On the surface, it may seem like building a great sales team takes the skills of a well-practiced human resources professional. But that’s only partly true. The other critical factor that will dictate your team’s success is the quality of sales materials.
The topic may seem unglamorous, but the tools you put into the hands of your salespeople do make an impact.
But that’s obvious, isn’t it? Good sales materials lead to effective sales people, which leads to increased revenue.
So the better question is, When’s the right time to update your sales materials?
There’s a simple answer to that question. When sales materials don’t work, update them.
Insight Into Sales
Let’s work backwards from this proposition. Unless you have a system in place to monitor calls and emails, you won’t know your sales materials aren’t working until it’s too late. Sales are slumping, salespeople are leaving the company, leads are dropping off—these are signs that your sales materials were outdated five years ago.
Before you have to overcome a serious sales deficit, put systems in place to test your sales materials.
Test. Then Test Some More.
Cold calling and email templates need tweaking to get them right. Here’s a few ways to monitor and test results:
- AB split testing emails let you see real-time responses from leads.
- Call recording lets you track calls to book meetings or demos.
Testing that truly informs your sales collateral should include looking at factors like:
- The best time of day to call or email.
- The online materials that get click throughs.
- The emails with the best open rates or view rates.
Put the Testing Into Action
Let the insights you gain from testing emails and calls inform the revisions you make to sales materials. Here’s how to put better tools into salespeople’s hands:
- Emails.
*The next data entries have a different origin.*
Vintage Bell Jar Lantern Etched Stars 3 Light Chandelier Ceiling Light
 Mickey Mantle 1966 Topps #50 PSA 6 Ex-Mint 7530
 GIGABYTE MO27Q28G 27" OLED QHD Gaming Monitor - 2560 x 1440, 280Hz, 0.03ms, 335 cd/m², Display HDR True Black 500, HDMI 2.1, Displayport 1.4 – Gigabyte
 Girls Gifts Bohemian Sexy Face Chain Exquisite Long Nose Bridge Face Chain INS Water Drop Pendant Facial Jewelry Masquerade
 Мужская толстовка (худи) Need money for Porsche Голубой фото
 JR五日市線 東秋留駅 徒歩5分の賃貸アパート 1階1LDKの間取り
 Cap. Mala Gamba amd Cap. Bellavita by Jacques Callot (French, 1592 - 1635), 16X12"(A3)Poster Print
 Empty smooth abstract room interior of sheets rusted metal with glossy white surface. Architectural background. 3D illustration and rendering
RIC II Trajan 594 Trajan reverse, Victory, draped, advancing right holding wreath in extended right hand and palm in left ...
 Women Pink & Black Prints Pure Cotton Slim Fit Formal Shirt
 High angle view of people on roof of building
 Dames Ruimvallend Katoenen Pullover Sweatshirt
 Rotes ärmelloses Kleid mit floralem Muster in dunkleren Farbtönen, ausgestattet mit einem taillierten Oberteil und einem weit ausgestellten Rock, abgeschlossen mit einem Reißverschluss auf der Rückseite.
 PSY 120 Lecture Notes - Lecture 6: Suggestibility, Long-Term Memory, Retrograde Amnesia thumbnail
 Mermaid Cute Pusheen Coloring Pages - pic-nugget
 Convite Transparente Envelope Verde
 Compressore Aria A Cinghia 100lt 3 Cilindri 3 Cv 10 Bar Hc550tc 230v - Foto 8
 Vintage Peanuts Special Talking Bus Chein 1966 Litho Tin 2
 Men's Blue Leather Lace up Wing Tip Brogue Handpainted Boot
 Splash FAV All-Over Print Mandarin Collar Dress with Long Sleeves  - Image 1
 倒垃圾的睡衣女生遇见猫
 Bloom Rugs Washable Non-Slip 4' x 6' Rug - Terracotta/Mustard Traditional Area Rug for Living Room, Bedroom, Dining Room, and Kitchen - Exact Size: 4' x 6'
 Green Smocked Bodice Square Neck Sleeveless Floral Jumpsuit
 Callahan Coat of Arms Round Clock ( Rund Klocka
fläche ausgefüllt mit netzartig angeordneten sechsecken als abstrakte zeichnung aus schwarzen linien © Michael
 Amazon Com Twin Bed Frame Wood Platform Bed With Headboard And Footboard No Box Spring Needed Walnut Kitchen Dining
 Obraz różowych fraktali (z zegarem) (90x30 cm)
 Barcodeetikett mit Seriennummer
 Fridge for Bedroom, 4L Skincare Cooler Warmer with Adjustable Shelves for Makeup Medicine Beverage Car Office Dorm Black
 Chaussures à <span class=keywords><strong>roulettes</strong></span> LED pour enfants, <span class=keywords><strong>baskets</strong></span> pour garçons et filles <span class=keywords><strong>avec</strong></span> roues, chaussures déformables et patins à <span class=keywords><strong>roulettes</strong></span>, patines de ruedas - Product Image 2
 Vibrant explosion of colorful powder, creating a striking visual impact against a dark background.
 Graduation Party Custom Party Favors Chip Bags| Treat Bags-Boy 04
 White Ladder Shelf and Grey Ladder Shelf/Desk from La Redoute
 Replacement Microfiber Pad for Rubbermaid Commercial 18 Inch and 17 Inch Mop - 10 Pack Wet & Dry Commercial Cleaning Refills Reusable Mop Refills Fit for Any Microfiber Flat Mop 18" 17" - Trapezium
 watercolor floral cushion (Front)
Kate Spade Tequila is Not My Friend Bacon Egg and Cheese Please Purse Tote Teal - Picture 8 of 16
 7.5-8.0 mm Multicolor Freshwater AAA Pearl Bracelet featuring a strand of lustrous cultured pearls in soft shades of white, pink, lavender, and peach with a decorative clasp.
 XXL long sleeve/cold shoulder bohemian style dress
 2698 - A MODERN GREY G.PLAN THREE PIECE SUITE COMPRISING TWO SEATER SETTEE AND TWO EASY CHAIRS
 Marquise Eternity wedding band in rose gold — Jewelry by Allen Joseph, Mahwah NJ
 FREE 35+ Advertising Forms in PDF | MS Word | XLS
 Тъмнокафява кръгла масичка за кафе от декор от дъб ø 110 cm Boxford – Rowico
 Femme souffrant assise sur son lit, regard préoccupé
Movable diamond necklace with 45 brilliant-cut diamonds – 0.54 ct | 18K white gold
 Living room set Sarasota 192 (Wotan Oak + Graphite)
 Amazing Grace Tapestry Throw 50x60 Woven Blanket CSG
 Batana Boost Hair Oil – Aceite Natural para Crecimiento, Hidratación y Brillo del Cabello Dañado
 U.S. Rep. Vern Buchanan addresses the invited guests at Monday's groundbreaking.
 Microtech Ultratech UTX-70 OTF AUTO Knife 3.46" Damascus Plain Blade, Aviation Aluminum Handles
Give the sales team a centralized place (like a Google Doc) where they can access the five main templates they need when talking to leads. Emails should unify your brand and motivate the lead to action. The templates should follow the sales funnel from landing the first meeting to getting a response after a demo to following up and asking for referrals. Then, the salesperson can personalize the emails based on the contact he has with the lead.
- Cold calls. Face-to-face meetings and phone calls require different sales materials. For cold calls, develop scripts for the sales team to follow as they interact with leads at every point of the sales process. (For face-to-face encounters, the sales team needs a relevant, eye-catching flyer to hand out. A one-page paper that highlights the product or service in a compelling way using clean, simple graphics gets results. The sales team can print it out on any printer, and it’s easier to get a hold of than a complicated tri-fold pamphlet or color flyer.)
Invest in the best possible sales team you can, but make the tools you put into their hands just as much a priority. Remember, these tools represent your brand, and they help your sales team better represent your company, too.